8.4.2 Start up the target system (~1 min)

🏁 For Artifact Evaluation: you should skip this step as the step 8.4.1 already started the system instances.

If you want to detect unknown failures in the deployed system, you can start the system as usual. If previous modifications to startup scripts are good, the system instance should work.

For example, to start zookeeper:

cp conf/zoo_sample.cfg conf/zoo.cfg
bin/zkServer.sh start
8.4.3 Check results (~1 min)

The checking result will be printed to stdout (or redirected to logs depending on target system's log configuration, for example, zookeeper saves output to zookeeper/logs/zookeeper-*.out). If some invariant fails and report, the log would print failed invariants such as:

[...]ASSERT FAIL! #220
Invariant{template=oathkeeper.runtime.template.OpImplyOpTemplate, context=Context{left=OpTriggerEvent{opName='org.apache.zookeeper.server.SessionTrackerImpl.setSessionClosing(long)', system_timestamp=1648416409404, logical_timestamp=2}, right=OpTriggerEvent{opName='org.apache.zookeeper.server.SessionTrackerImpl.removeSession(long)', system_timestamp=1648416409404, logical_timestamp=7}

Detailed Instructions

Please see the README_detailed.md for further instructions.

Known Issues

  • OKLib needs to compile and execute old versions of target systems. Such old versions, in some cases, depend on libraries that are already deprecated and no longer accesible, causing the target system not directly compilable. One workaround is to provide interface for users to manually add a patch to modify the project compilation configuration (such as pom.xml) of target system to disable certain modules that blocks compilation.
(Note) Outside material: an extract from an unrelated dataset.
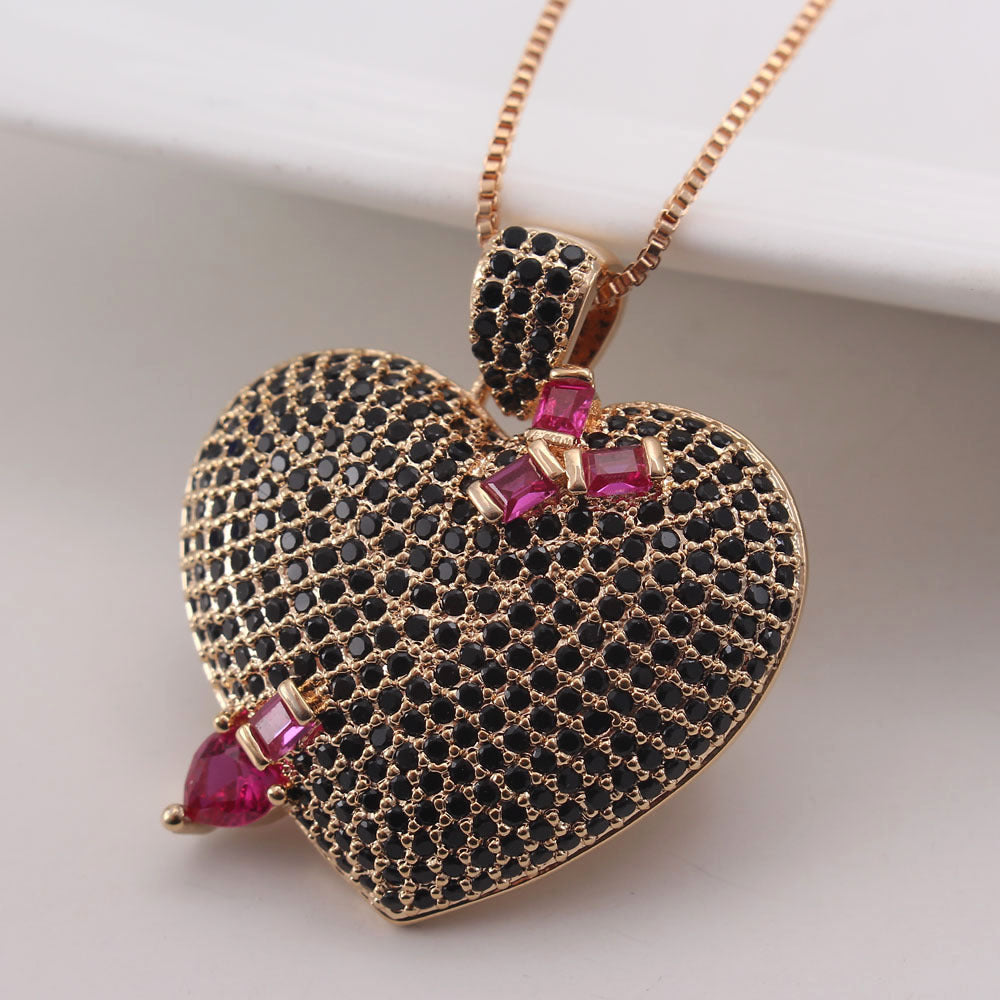 Collar AAA de circonita completa para mujer, chapado en oro real, cobre, corazón de melocotón, joyería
  • Rule inference and verification are memory-consuming process and could trigger a lot of GCs for if test execution trace is very long. We suggest using physical machines with larger memories.

Publication

Chang Lou, Yuzhuo Jing, and Peng Huang. Demystifying and Checking Silent Semantic Violations in Large Distributed Systems. To appear in Proceedings of the 16th USENIX Symposium on Operating Systems Design and Implementation (OSDI '22), Carlsbad, CA, USA, July 2022.

Acknowledgement

We very appreciate the reviewers of OSDI'22 Artifact Evaluation try out this tool and provide useful feedbacks.

Footnotes

  1. previously known as Oathkeeper. The name was inspired by popular novel "A Song of Ice and Fire". We have renamed it to avoid potential political ambiguity.